Here Come The Norwegians
The cross country classic style sprint starts off with a 15 second interval start qualifier with the fastest thirty competitors moving forward to the semi-finals, the two fastest from each of these quarter finals making it into the semi finals (along with the two fastest times that didn’t qualify). The 12 skiers who reach the semi-finals then compete with the top two in each going through to the final along with the two fastest times. That means in the final there are six people competing for three medal places.
Looking at the bookmaker’s odds, like those of ComeOn! Sportsbook, there are manifestly three clear front runners at present and all of them hail from Norway. Ola Vigen Hattestad and Eirik Brandsdal sit together on 3.80 (presenting a superb wagering opportunity) with Paal Golberg not so far behind on 6.80 and the nearest non-Norwegian Kriukov languishing on 10.00 at this point. Out dated Norwegian gambling laws aside plenty of people will be choosing between these top three when placing bets in the next two weeks.
Ola Vigen Hatterstad, of course, skied away with the gold in the sprint event in Sochi last year, but Eirik Brandsdal is a bit younger and has four World Cup victories in the sprint to his name whilst the third of the trio, Pal Golberg, is younger still and has only won one World Cup sprint, and yet is seen as a future champion in the sport. Hatterstad might be the one to beat but Golberg will be the one to watch, especially if you’ve chanced a few Krone on the young man from Gol.
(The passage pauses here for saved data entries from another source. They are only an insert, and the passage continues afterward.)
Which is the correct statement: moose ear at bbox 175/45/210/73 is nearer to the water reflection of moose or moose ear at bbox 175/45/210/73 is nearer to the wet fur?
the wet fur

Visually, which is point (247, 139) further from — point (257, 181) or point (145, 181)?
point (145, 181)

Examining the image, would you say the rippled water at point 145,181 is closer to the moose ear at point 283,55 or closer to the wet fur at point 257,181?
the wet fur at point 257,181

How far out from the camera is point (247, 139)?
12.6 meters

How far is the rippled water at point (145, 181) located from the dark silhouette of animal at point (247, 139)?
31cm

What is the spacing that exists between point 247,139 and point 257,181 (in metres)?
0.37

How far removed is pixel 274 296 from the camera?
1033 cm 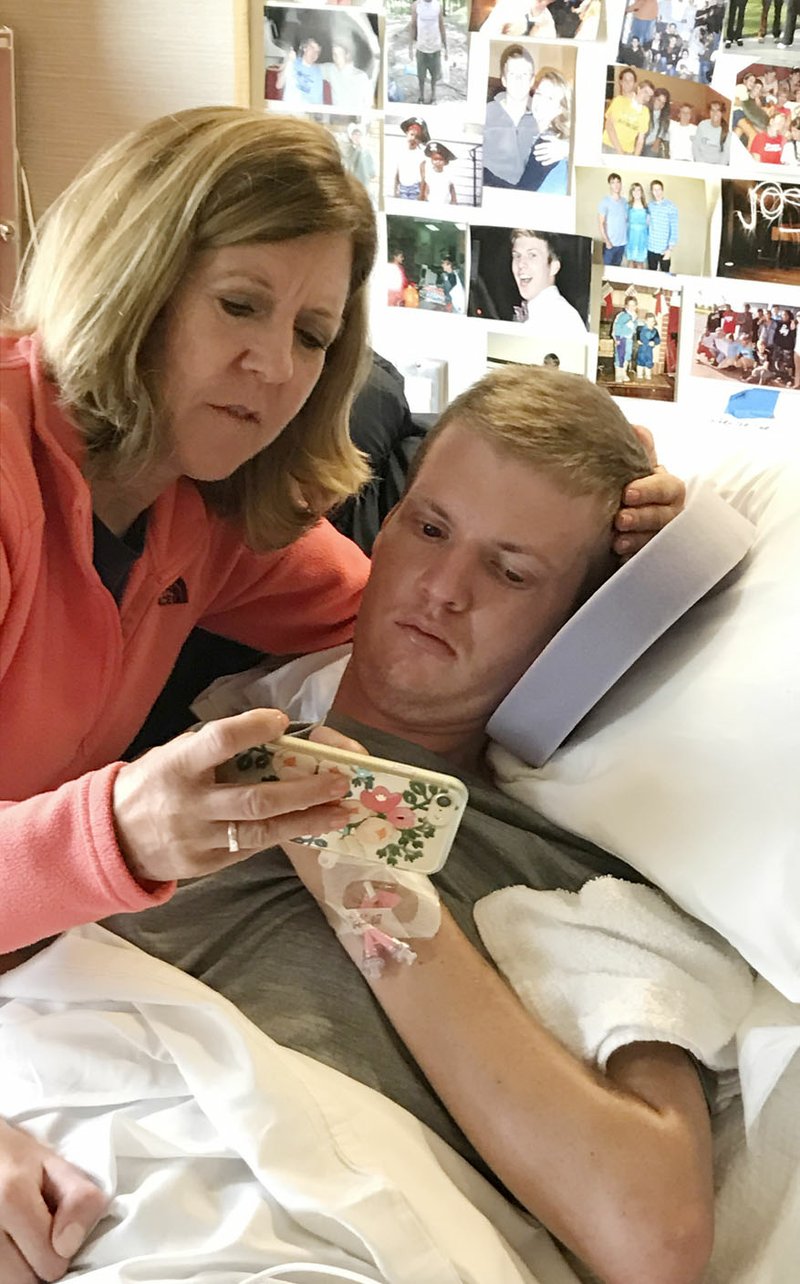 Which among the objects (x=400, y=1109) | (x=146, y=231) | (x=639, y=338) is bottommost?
(x=400, y=1109)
The likely Norwegian dominance of the sprint event will only make the competition between these three all the more fierce. They go in very familiar with their rivals. Those who like to bet on sports in Norway will doubtless pick their favorite, perhaps depending on local bias or the records and results of the individuals, but come mid-March 2015 there will be a lot of eyes on the city of Falun and just as many skis.